Picture a health-monitoring patch you wear like a tattoo and that doesn’t need a battery.
That’s the idea behind a demonstration by John Rogers, a stretchable electronics pioneer at the University of Illinois at Urbana-Champaign, whose lab created a stretchy skin patch that uses light pulses to monitor heart rate or sun exposure.
But the gadget doesn’t have a battery. Instead, it’s powered by a cell phone or tablet that’s equipped with a near-field communications (NFC) chip, the kind that’s used in apps like Apple Pay or for sharing photos between phones. That is, radio signals from a phone actually power the device and let it transmit information.
Rogers says it means health-monitoring gadgets could be cheaper, smaller, and more lightweight than ever before.
Rogers is a specialist in “epidermal electronics,” and he’s come up with a variety of devices that integrate LEDs, tiny bits of electronics, and sensors onto stretchy materials where they’re wired up with spring-like metal wires.
His latest creation, described today in the journal Science Advances, puts together several of these innovations. For instance, one sensor uses light-sensitive dyes to measure exposure to ultraviolet light—a feature also found in the first product developed by Rogers’s startup, Lexington, Massachusetts-based MC10. The company’s My UV Patch is being marketed by cosmetics giant L’Oreal and also uses dyes to monitor UV exposure.
This new device also measures heart rate and blood oxygenation using four LEDs to shine different colors of light into the skin.

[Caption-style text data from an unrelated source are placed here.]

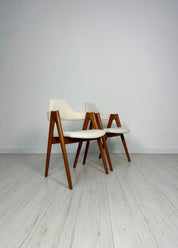 Set_of_2_Compass_Teak_Dining_Chairs_by_Kai_Kristiansen,_Cream-White_Bouclé_Upholstery,_Danish_Design,_1960s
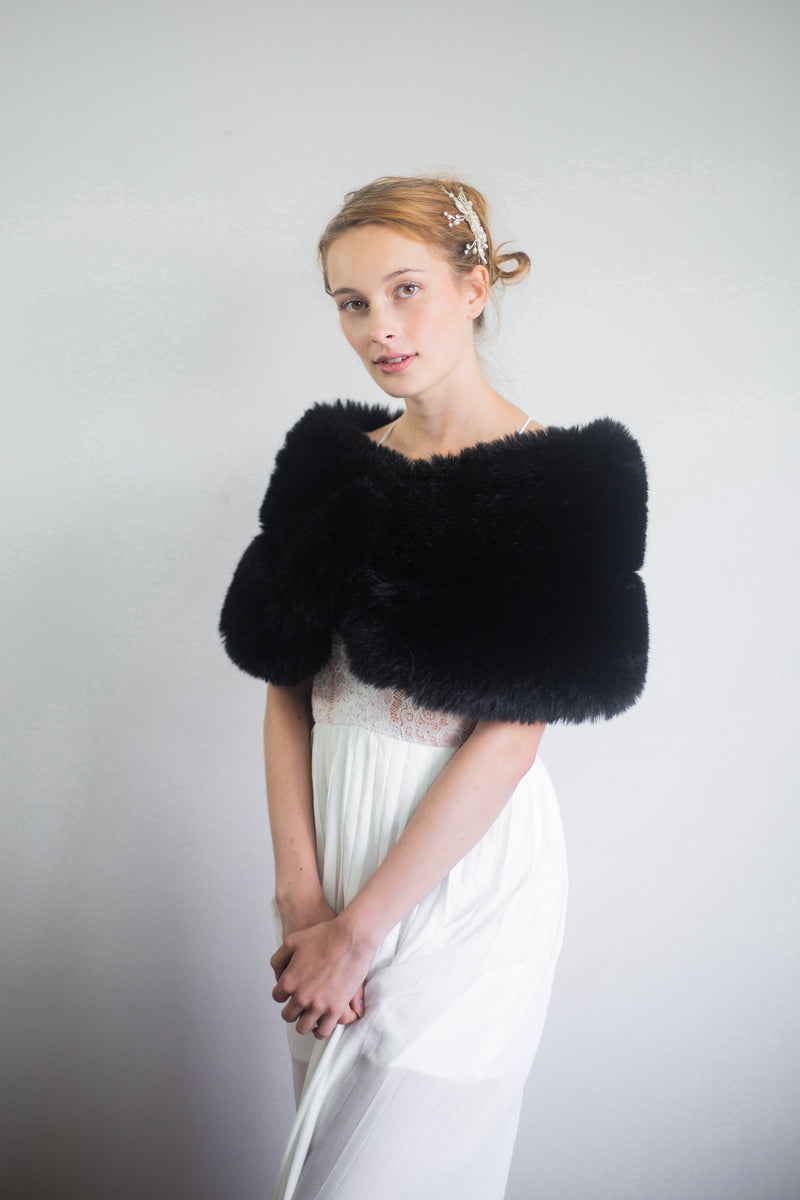 Black Faux Fur Wrap (Penelope Blk01)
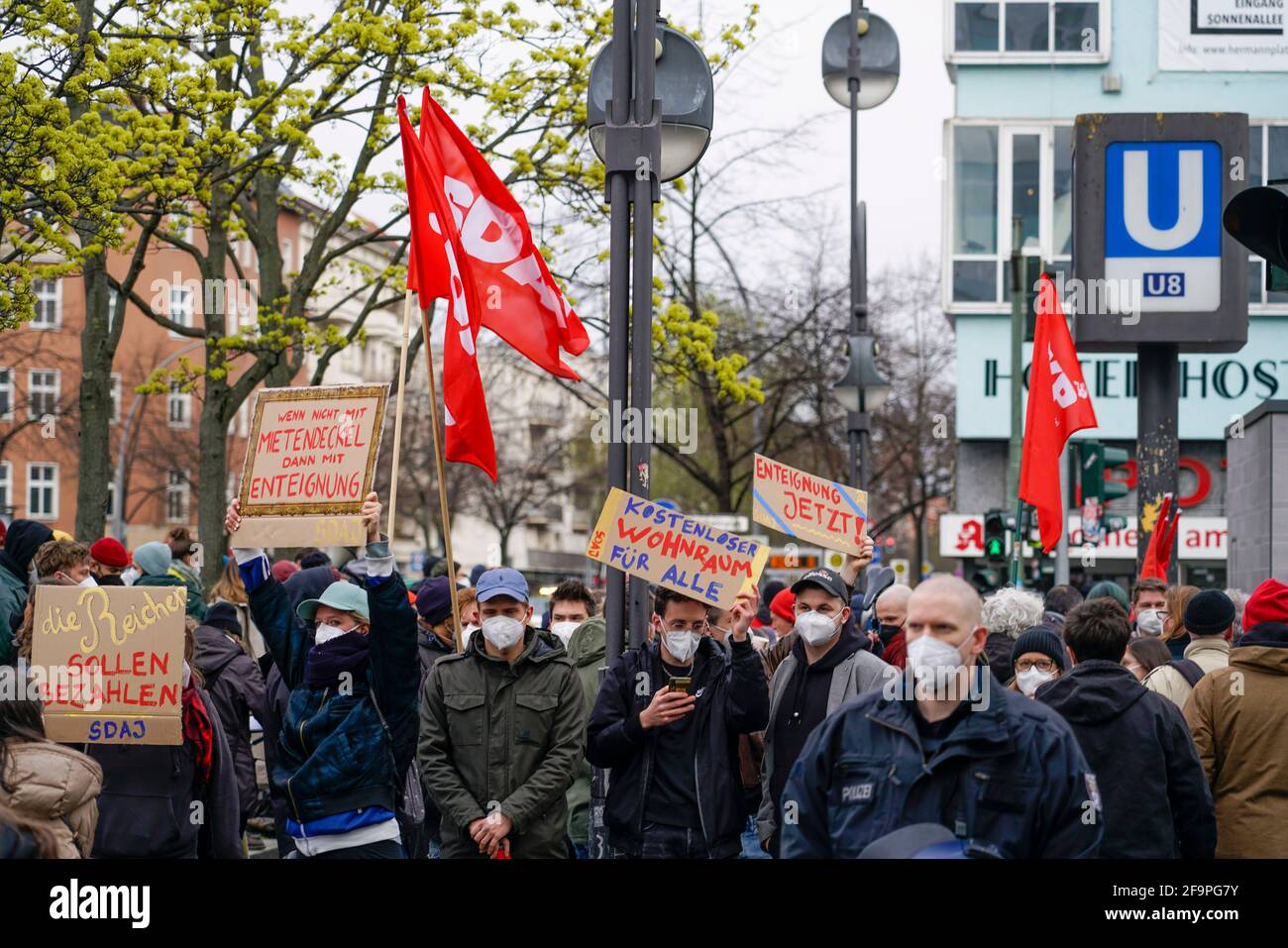 Demo am Hermannplatz am 15.4.2021 zum Protest gegen die Erhebung Des Mietendeckels in Berlin durch das Bundesverfassungsgericht Stockfoto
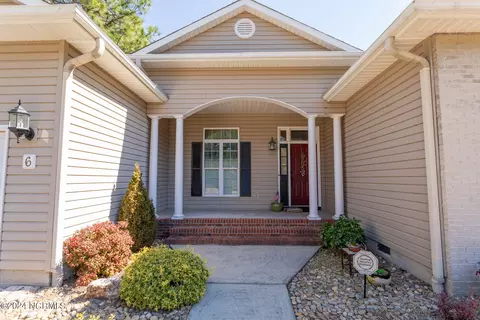 Exterior - 6 Greenbrier Ln, Pinehurst, NC 28374 photo 2 of 6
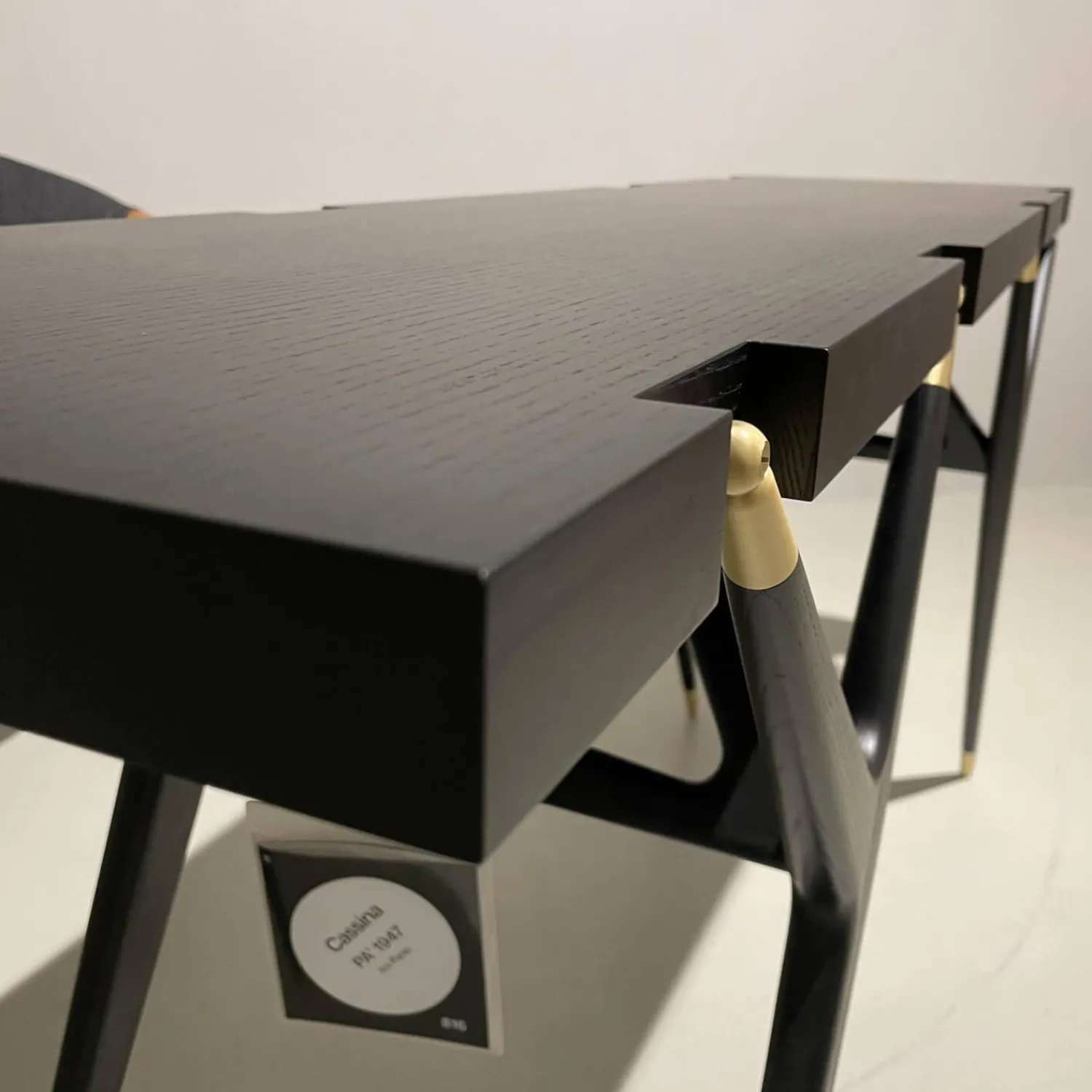 Cassina Konsolen|Konsole PA 1947 Esche Schwarz Gefärbt Messingdetail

Changes to the color of the reflected light is picked up by photodetectors. A person’s heart rate is displayed as a flashing light.
A drawback of this system is that to power the device, the wearer must be within a few centimeters of a cell phone or tablet—or within a meter of a long-range NFC reader. But most of us are never much farther from our devices anyway.
The need for a battery adds a millimeter or two of thickness to one of MC10’s other products, the BioStampRC, a device sold to researchers who want to monitor people’s health signs and biomechanics while they are on the go. Rogers says new battery-free designs could open up new applications in hospitals and sleep monitoring.